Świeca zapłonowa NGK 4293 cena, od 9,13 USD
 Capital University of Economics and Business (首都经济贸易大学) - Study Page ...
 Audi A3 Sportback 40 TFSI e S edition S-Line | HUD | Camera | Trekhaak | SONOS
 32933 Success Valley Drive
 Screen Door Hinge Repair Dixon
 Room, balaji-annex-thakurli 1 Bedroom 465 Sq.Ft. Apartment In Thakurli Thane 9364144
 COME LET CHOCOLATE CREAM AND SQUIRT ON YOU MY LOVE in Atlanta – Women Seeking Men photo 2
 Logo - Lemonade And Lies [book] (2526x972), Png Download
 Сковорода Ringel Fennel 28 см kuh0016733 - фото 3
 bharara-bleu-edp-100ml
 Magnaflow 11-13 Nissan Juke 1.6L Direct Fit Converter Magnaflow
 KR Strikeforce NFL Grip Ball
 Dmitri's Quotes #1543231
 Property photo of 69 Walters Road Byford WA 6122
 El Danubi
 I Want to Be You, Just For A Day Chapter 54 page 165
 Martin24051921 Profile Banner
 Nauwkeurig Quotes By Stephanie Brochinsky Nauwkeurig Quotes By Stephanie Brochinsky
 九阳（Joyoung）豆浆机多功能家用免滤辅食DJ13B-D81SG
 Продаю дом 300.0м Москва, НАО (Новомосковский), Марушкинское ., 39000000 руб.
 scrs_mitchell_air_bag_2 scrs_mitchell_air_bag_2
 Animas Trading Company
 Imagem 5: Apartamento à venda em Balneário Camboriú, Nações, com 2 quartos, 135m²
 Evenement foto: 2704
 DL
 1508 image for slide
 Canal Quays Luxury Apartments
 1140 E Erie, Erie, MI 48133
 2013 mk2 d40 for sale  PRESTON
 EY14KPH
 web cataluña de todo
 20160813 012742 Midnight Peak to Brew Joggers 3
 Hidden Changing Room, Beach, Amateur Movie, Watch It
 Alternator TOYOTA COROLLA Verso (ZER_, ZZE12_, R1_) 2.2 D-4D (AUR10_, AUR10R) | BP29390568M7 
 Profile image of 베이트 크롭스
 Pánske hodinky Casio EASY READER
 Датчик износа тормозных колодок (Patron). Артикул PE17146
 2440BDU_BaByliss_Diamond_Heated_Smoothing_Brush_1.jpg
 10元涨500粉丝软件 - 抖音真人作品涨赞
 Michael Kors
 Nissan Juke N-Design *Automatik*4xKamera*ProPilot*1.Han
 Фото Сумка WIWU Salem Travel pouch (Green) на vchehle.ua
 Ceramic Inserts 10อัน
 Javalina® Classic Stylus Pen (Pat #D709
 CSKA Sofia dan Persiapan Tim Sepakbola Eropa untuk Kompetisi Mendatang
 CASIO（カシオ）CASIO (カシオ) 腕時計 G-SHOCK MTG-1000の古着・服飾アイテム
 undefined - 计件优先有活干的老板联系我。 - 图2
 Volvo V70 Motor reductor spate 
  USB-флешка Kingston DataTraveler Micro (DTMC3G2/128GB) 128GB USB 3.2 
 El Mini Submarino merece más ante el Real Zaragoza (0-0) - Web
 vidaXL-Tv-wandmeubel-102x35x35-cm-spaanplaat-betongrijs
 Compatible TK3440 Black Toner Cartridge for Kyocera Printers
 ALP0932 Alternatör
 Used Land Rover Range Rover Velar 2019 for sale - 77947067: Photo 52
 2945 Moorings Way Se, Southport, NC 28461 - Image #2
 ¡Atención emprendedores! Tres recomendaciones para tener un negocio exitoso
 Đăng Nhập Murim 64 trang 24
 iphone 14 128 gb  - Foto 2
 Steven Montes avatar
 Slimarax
· · · · ·
▶ WHAT NEEDS TO BE DONE
Counting only lines that contain "Juke", say how many there are in the material above, and add nothing.

▶ RESULT OF THIS TASK
2